What the exercise asks: If a line comes after the one containing "Vintage Rose Faux", leave it out; copy every line before it, and that line too, exactly as written, starting from the first line of the entries.

[Stored records]

================

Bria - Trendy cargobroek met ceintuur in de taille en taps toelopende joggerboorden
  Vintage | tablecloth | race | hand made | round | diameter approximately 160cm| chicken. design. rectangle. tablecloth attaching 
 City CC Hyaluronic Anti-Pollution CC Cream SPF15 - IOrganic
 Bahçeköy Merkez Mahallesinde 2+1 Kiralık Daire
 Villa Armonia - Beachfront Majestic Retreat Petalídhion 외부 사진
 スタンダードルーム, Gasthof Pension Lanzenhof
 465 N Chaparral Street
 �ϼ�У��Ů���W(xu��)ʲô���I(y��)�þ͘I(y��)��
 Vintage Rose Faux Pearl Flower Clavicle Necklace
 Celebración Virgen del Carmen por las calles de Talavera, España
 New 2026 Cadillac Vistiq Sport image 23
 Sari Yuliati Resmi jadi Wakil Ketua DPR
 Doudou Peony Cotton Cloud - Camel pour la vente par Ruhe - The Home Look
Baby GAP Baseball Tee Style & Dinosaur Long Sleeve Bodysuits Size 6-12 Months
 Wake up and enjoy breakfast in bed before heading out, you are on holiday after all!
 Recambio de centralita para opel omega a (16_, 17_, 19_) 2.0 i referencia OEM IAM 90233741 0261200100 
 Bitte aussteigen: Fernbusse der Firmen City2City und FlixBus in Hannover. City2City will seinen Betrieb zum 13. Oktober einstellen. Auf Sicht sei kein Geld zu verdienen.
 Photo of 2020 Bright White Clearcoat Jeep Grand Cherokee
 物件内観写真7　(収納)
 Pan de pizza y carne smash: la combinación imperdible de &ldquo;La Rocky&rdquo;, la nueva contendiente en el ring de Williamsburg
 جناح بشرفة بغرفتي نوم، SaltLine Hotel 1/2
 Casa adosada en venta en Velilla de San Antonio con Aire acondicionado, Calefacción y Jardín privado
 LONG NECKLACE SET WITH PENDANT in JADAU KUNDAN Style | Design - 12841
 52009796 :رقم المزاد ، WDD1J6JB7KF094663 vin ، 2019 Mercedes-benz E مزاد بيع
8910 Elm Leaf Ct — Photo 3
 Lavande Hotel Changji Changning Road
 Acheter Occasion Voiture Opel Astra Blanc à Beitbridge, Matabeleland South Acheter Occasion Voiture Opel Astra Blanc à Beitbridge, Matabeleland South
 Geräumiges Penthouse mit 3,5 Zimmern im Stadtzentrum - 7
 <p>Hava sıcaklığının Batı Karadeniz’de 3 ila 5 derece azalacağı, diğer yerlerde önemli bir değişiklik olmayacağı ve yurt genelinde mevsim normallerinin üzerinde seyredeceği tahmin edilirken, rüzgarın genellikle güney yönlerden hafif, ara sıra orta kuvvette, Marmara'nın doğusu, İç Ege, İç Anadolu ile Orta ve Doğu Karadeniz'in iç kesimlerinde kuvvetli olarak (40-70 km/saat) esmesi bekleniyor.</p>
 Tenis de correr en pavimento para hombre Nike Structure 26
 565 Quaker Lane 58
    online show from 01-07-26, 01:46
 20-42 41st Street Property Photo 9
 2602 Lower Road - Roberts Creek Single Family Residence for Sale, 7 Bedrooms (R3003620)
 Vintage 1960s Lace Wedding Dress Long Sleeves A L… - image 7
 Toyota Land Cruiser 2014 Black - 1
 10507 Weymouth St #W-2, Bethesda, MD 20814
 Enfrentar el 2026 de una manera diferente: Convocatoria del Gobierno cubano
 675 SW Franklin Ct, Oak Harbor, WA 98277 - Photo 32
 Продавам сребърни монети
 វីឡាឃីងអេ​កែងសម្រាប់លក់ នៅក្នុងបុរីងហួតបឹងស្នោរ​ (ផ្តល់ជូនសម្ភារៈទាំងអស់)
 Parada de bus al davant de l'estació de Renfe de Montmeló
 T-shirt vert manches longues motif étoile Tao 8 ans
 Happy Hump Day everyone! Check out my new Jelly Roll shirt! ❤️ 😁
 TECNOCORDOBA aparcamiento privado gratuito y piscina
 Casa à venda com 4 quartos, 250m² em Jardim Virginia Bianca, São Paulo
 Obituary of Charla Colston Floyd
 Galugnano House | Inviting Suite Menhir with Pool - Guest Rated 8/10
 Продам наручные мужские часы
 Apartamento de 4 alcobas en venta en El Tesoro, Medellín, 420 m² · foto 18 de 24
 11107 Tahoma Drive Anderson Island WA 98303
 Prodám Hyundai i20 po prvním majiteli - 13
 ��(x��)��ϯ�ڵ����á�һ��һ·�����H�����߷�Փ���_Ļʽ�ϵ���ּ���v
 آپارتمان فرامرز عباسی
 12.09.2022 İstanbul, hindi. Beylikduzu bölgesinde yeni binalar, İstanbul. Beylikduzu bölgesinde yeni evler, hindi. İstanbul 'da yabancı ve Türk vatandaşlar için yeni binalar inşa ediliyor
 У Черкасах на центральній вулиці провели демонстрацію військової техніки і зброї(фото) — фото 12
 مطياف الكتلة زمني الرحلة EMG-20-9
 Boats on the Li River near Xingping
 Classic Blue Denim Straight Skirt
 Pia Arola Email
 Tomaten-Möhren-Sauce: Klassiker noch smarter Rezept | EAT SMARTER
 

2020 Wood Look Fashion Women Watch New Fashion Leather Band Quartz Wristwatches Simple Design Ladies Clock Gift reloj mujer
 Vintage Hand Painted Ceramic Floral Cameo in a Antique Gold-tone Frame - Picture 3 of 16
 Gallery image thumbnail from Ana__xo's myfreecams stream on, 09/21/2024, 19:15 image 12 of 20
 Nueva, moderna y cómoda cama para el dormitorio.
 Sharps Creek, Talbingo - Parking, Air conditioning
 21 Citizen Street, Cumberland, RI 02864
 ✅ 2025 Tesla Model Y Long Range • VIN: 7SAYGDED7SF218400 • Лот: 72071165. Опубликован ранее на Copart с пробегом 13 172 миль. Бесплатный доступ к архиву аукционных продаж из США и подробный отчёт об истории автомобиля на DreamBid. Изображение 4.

================

Response for this exercise:
Bria - Trendy cargobroek met ceintuur in de taille en taps toelopende joggerboorden
  Vintage | tablecloth | race | hand made | round | diameter approximately 160cm| chicken. design. rectangle. tablecloth attaching 
 City CC Hyaluronic Anti-Pollution CC Cream SPF15 - IOrganic
 Bahçeköy Merkez Mahallesinde 2+1 Kiralık Daire
 Villa Armonia - Beachfront Majestic Retreat Petalídhion 외부 사진
 スタンダードルーム, Gasthof Pension Lanzenhof
 465 N Chaparral Street
 �ϼ�У��Ů���W(xu��)ʲô���I(y��)�þ͘I(y��)��
 Vintage Rose Faux Pearl Flower Clavicle Necklace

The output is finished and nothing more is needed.